The benchmark S&P/ASX200 index was down 4.4 points, or 0.07 per cent, to 6175.2 points at 1615 AEDT on Friday, while the broader All Ordinaries was down 1.7 points, or 0.03 per cent, at 6265.1.
“It’s lacklustre, jumping in and out of positive and negative territory,” said Evan Lucas, chief market strategist at InvestSMART in Melbourne.
For the week the ASX closed 0.46 per cent lower, after three weeks of gains.
The mining sector led decliners, collectively closing 1.03 per cent lower after copper prices dropped overnight when industrial output in top metals consumer China fell to a 17-year low.

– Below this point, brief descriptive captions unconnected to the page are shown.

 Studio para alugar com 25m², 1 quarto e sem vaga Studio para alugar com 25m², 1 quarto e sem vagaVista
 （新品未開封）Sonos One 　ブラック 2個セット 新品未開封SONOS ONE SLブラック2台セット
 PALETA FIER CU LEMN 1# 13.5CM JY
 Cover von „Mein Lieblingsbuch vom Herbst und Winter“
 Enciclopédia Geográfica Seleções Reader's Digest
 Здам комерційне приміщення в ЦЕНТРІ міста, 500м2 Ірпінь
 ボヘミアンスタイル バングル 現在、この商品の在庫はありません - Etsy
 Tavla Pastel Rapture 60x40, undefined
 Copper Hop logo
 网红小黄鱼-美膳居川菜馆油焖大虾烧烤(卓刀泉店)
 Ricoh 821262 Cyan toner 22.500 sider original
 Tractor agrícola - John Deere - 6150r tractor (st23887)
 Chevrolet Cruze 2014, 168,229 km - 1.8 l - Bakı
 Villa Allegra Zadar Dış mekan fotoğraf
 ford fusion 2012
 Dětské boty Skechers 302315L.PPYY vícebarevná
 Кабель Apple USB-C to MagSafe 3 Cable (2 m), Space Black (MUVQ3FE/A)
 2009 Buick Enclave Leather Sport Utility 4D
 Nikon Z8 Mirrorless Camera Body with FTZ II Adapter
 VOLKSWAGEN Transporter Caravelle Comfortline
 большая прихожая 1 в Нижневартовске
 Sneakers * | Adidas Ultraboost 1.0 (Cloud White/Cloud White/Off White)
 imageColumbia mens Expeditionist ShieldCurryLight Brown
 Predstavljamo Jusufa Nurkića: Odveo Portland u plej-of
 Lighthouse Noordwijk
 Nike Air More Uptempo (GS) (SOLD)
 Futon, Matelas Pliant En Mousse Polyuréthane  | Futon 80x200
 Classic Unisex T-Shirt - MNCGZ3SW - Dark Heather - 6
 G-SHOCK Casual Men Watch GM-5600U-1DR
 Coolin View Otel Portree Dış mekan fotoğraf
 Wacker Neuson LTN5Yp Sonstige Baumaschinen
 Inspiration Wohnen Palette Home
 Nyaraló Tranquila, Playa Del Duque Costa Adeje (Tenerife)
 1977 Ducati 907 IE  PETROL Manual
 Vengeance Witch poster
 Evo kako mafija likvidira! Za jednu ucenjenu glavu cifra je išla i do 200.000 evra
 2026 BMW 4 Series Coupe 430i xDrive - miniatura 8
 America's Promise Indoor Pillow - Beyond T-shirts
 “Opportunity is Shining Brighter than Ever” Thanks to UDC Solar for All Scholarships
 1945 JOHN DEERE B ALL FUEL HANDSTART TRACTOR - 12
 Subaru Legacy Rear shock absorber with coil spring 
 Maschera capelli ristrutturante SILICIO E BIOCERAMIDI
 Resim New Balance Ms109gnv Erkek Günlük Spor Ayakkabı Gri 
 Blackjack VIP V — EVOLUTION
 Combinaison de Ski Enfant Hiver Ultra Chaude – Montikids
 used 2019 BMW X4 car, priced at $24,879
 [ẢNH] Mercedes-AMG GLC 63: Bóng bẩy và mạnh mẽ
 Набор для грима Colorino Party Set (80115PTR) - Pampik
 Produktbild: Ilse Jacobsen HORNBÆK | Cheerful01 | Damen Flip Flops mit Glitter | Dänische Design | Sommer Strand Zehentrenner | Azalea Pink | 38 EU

BHP was down 1.83 per cent, Fortescue Metals down 1.22 per cent and Rio Tinto down 0.13 per cent.
A dip in the gold price overnight left miners of the yellow metal in the dumps, with Newcrest down 1.90 per cent, Northern Star down 3.63 per cent and Evolution Mining down 1.62 per cent.
Elsewhere, the big four banks were mostly down, with only NAB edging up 0.56 per cent.
ANZ was down 1.01 per cent, Commonwealth Bank down 0.85 per cent and Westpac down 0.45 per cent.
Industrial stocks were the biggest gainers, up a collective 0.74 per cent. Earthmoving equipment rental company Emeco Holdings was the biggest gainer on the ASX, up 6.4 per cent to $2.16, a two-week high.
Retail Food Group was down 13.51 per cent at a fresh all-time low of 16 cents after a parliamentary inquiry on Thursday recommended it be investigated by a trio of regulators.
Chinese-focused retailer AuMake was up five per cent after it announced it had added four new stores in Australia and New Zealand.
Santos was up one per cent, Woodside Petroleum up 0.86 per cent and Beach Energy up 0.48 per cent after Brent crude hit a four-month peak of $US68.14 a barrel.
Mr Lucas said it was interesting the oil producers hadn’t seen a bigger bump, and it indicated the markets had already priced in higher crude prices.
He also noted that bond yields have been falling even as the ASX200 has been rising, indicating people are buying bonds. On Friday Australian 10-year bond bond rates rose 0.25 per cent, while five-year rose 0.71 per cent
“The bond market is suggesting risk on the horizon,” Mr Lucas said, yet equities are still rising. “Who’s right?”
The Aussie dollar is buying 70.84 US cents, from 70.62 US cents on Thursday.
ON THE ASX:
* The benchmark S&P/ASX200 index was down 4.4 points, or 0.07 per cent, to 6,175.2 points at 1630 AEDT on Thursday.
* The All Ordinaries was up 1.7 points, or 0.03 per cent, to 6,265.1.
* At 1630 AEDT, the SPI200 futures index was up 25 points, or 0.41 per cent, at 6187.
CURRENCY SNAPSHOT AT 1630 AEDT:
One Australian dollar buys:
* 70.84 US cents, from 70.62 US on Thursday
* 79.12 Japanese yen, from 78.79
* 62.60 euro cents, from 62.39
* 53.50 British pence, from 53.31
* 103.44 NZ cents, from 103.25
The spot price of gold in Sydney at 1630 AEDT was $US1298.77 per fine ounce, from $US1296.20 on Thursday.